In comparing the attitudes of Abraham Lincoln to civil liberties during wartime with those of the Bush Administration, Eric Foner overlooks the fact that the United States is not currently at war in the sense that it was during the 1860s (LRB, 23 October). Lincoln led a US that was fighting for its own survival. In contrast, current Islamist terrorism does not itself represent a serious threat to the US polity; there is no prospect of an Islamist regime in Washington. The current threat to the Constitutional order of the US comes from the Administration’s own actions.

Overseas adventures such as the wars in Afghanistan and Iraq do not usually, and need not, lead to widespread suspension of civil liberties at home. By declaring an open-ended ‘war on terror’, Bush pulled off the semantic trick of making it possible to justify permanent repressive administrative measures and legislation by disguising these as the requirements of a ‘wartime’ emergency. At the same time he endorsed the perpetrators’ own crazy perceptions that they were leading a religious ‘war’. There is no reason for the rest of us to accept either al-Qaida’s or the US Administration’s self-serving and inflammatory misdefinitions of what is going on.

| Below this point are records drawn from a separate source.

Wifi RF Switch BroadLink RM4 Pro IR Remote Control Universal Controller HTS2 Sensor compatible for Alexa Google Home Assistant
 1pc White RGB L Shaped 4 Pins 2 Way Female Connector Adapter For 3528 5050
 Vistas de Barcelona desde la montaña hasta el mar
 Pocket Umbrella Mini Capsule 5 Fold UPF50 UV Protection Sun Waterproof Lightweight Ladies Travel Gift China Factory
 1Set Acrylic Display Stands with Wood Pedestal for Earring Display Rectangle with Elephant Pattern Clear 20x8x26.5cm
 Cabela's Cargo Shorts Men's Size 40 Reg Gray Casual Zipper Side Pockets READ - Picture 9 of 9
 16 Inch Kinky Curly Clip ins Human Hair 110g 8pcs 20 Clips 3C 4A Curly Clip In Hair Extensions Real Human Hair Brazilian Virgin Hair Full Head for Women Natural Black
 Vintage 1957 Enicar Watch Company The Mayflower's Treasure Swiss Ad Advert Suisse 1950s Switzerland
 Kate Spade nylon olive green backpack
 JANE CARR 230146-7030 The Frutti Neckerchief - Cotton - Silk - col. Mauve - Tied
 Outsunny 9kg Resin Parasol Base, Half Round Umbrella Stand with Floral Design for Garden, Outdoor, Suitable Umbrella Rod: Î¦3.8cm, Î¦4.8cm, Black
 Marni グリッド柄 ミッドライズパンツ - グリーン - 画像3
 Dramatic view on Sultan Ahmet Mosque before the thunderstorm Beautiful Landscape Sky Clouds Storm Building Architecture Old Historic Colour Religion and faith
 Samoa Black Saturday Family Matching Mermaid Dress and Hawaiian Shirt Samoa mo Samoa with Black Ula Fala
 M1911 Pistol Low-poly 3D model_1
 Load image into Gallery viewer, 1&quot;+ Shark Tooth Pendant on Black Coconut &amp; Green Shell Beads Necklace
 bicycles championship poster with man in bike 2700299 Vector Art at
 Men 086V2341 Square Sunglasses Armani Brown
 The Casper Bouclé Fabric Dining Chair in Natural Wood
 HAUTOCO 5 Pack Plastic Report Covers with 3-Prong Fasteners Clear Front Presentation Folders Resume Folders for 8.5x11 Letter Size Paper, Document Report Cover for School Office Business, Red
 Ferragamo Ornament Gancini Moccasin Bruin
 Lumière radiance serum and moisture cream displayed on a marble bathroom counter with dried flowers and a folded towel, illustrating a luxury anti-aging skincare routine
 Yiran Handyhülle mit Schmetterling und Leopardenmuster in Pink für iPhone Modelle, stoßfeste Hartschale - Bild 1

By the standards of other countries in the mid-19th century, Lincoln’s regime appears to have been quite liberal, despite the serious threat that it faced. In contrast, the Bush Administration is a striking example of how repressive policies can be justified by exaggerating threats. Many other regimes, facing violent insurgencies, more dangerous to them than al-Qaida is to the US, are encouraged to persist with their human rights violations when they see the US casually erasing the values that it so frequently trumpets.

Thomas Smith

What should matter most is that Lincoln, born among racist Jacksonian Democrats on the Kentucky frontier, nonetheless became an opponent of slavery; that he was elected President on an anti-slavery platform which inspired the secession of seven Southern states; that he refused to compromise with those states or the four states that subsequently joined them; that he waged implacable war on what was then called the Slave Power; that he issued the Emancipation Proclamation and refused to retreat from it even when it appeared the war might be lost and he would not be re-elected in 1864; that he enlisted black soldiers, pushed through Congress the 13th Amendment abolishing slavery in 1865, and towards the end of his life was moving towards supporting black suffrage.